A aura de ambos era menor. A de Katoshi mal conseguia derreter a neve. Lutando para proteger a vila, foi obrigado a gastar mais energia do que podia.

"E agora, o que vamos fazer? Devo continuar até que você vá embora?"

"Eu apenas quero o garoto."

"Já disse que ninguém será levado."

"Então continuaremos nosso embate até que eu mude sua decisão."

E assim foi. Por mais uma hora, lutaram. Katoshi já não tinha mais aura, concentrando o pouco restante apenas na lâmina da espada. O homem misterioso ainda conseguia manter a própria em torno do corpo.

"Morra."

O homem então se desfez em neve no chão. Os olhos do patriarca não acreditavam.

"Era apenas um boneco de neve?!"

Uma figura pálida surgiu por entre as árvores, batendo palmas.
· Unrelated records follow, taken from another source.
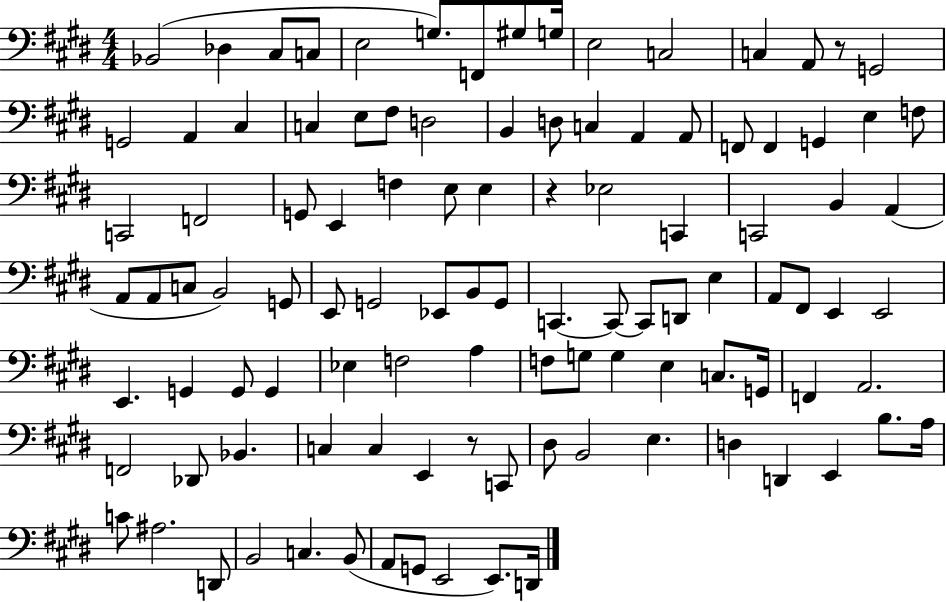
{
  \clef bass
  \numericTimeSignature
  \time 4/4
  \key e \major
  bes,2( des4 cis8 c8 | e2 g8.) f,8 gis8 g16 | e2 c2 | c4 a,8 r8 g,2 | \break g,2 a,4 cis4 | c4 e8 fis8 d2 | b,4 d8 c4 a,4 a,8 | f,8 f,4 g,4 e4 f8 | \break c,2 f,2 | g,8 e,4 f4 e8 e4 | r4 ees2 c,4 | c,2 b,4 a,4( | \break a,8 a,8 c8 b,2) g,8 | e,8 g,2 ees,8 b,8 g,8 | c,4.~~ c,8~~ c,8 d,8 e4 | a,8 fis,8 e,4 e,2 | \break e,4. g,4 g,8 g,4 | ees4 f2 a4 | f8 g8 g4 e4 c8. g,16 | f,4 a,2. | \break f,2 des,8 bes,4. | c4 c4 e,4 r8 c,8 | dis8 b,2 e4. | d4 d,4 e,4 b8. a16 | \break c'8 ais2. d,8 | b,2 c4. b,8( | a,8 g,8 e,2 e,8.) d,16 | \bar "|."
}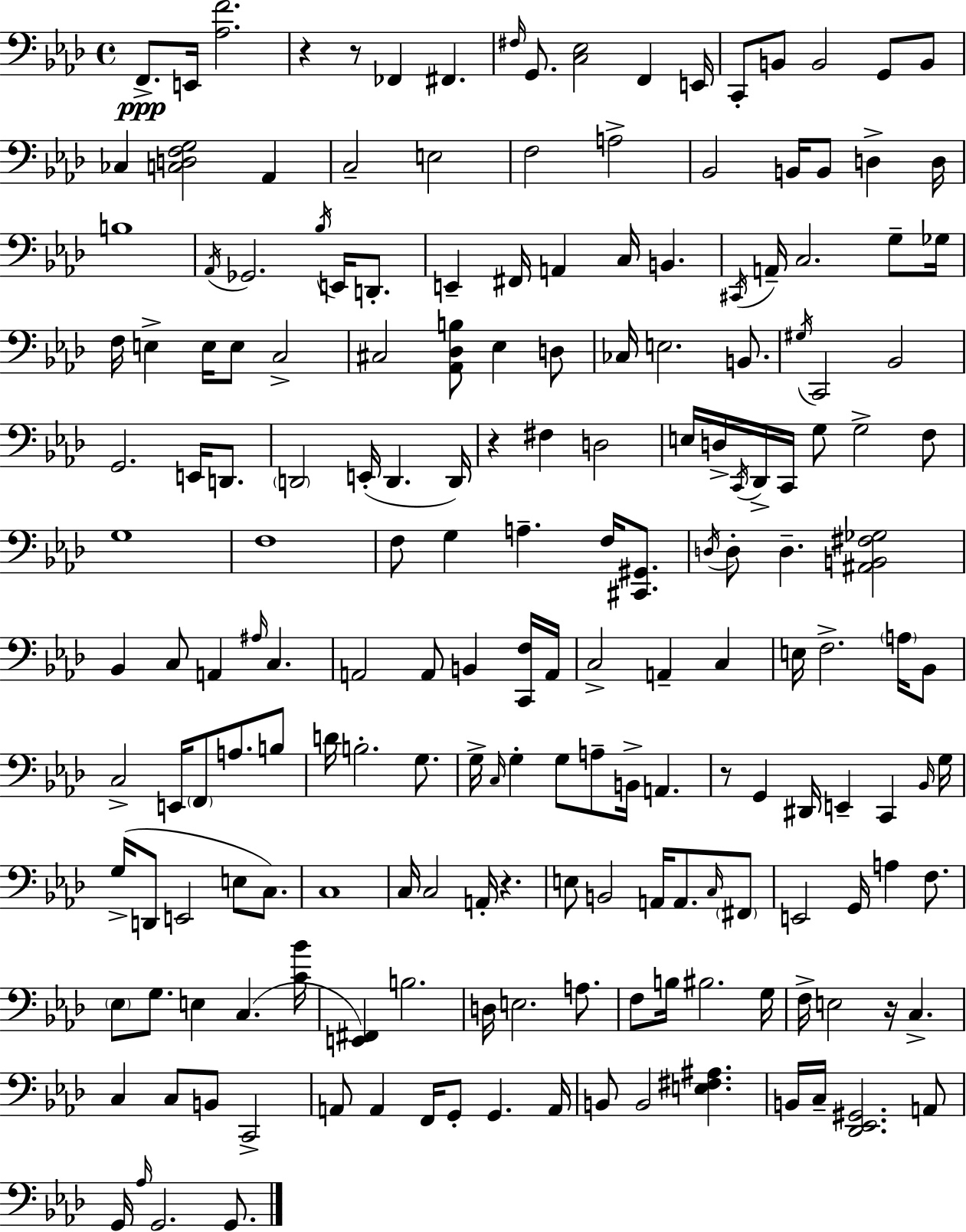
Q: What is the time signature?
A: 4/4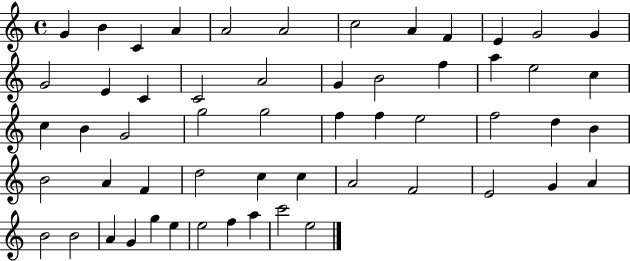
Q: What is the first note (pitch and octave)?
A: G4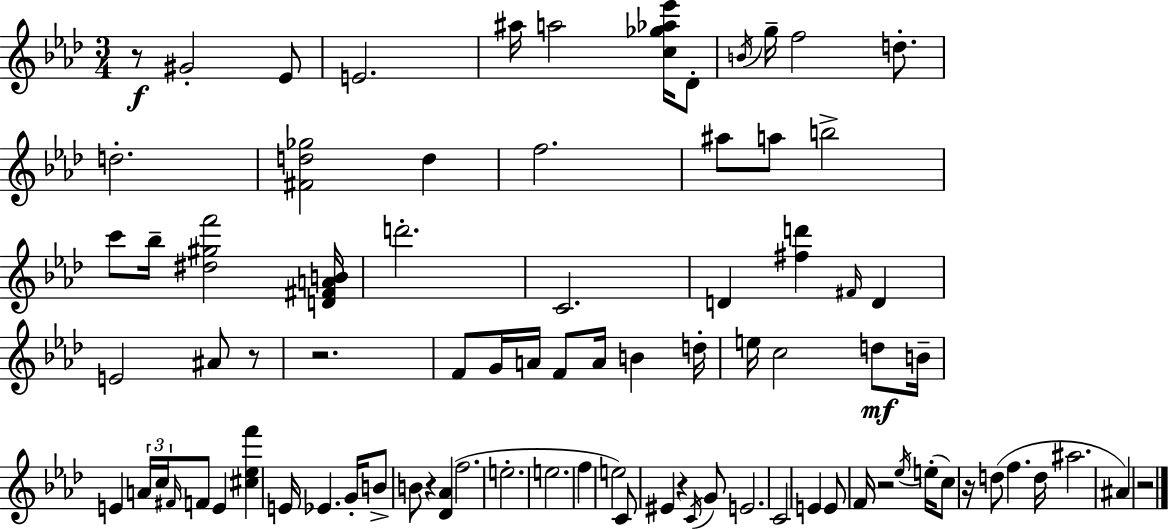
R/e G#4/h Eb4/e E4/h. A#5/s A5/h [C5,Gb5,Ab5,Eb6]/s Db4/e B4/s G5/s F5/h D5/e. D5/h. [F#4,D5,Gb5]/h D5/q F5/h. A#5/e A5/e B5/h C6/e Bb5/s [D#5,G#5,F6]/h [D4,F#4,A4,B4]/s D6/h. C4/h. D4/q [F#5,D6]/q F#4/s D4/q E4/h A#4/e R/e R/h. F4/e G4/s A4/s F4/e A4/s B4/q D5/s E5/s C5/h D5/e B4/s E4/q A4/s C5/s F#4/s F4/e E4/q [C#5,Eb5,F6]/q E4/s Eb4/q. G4/s B4/e B4/e R/q [Db4,Ab4]/q F5/h. E5/h. E5/h. F5/q E5/h C4/e EIS4/q R/q C4/s G4/e E4/h. C4/h E4/q E4/e F4/s R/h Eb5/s E5/s C5/e R/s D5/e F5/q. D5/s A#5/h. A#4/q R/h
O mesmo homem que lutara por horas estava agora sem um arranhão.

"Muito bravo de sua parte, mas, infelizmente, a falta de prática o condenou."

Uma caixa de gelo surgiu ao redor de Katoshi. Um único grito amedrontador foi ouvido. Quando a caixa se desfez, o patriarca jazia no chão, perfurado por todo o corpo. A neve ao seu redor era rubra. Sua espada já não estava em mãos.

As mães correram para tapar os olhos dos filhos. Indignados, muitos saíram com armas e utensílios. Um a um, caíram os que ousaram enfrentar o homem que trazia o inverno — Satou foi o primeiro deles. A chama da esperança se apagou junto com a de Katoshi. Caixas de neve surgiram ao redor das cabanas, selando o destino de quem se escondia. Yuna Kato aproveitou o breve momento para se despedir e agradecer a todos pelos anos juntos. Abraçou seu filho caçula e aguardou o fim. Logo, todas as respirações cessaram. Menos uma.

Yamato fora atingido por uma estaca de gelo, mas sua mãe o protegia com seu último abraço. Muito ferido, rastejou para fora e viu as árvores voltarem ao verde. Passou por amigos e amados até encontrar seu pai. A katana da família Kato estava intacta. Agarrou-a com o mesmo amor que usara para abraçar sua mãe. Um grupo de guerreiros surgiu, usando coletes acinzentados.

"Há um sobrevivente aqui!"

Eram os Vistari. Pelo que ouviu, vieram de longe, atraídos pela força da Vis usada no combate. O garoto estava prestes a desmaiar, mas abraçou sua espada para que ela não fosse perdida.

Ninguém jamais soube quem era o encapuzado. Tampouco o motivo do ataque. O único que testemunhou tudo foi Yamato.

Agora, vinte anos depois, ele se tornou um Vistari batedor de elite, agindo nas fronteiras da região em busca de criminosos e, secretamente, procurando o Homem que Trazia o Inverno, para vingar sua família.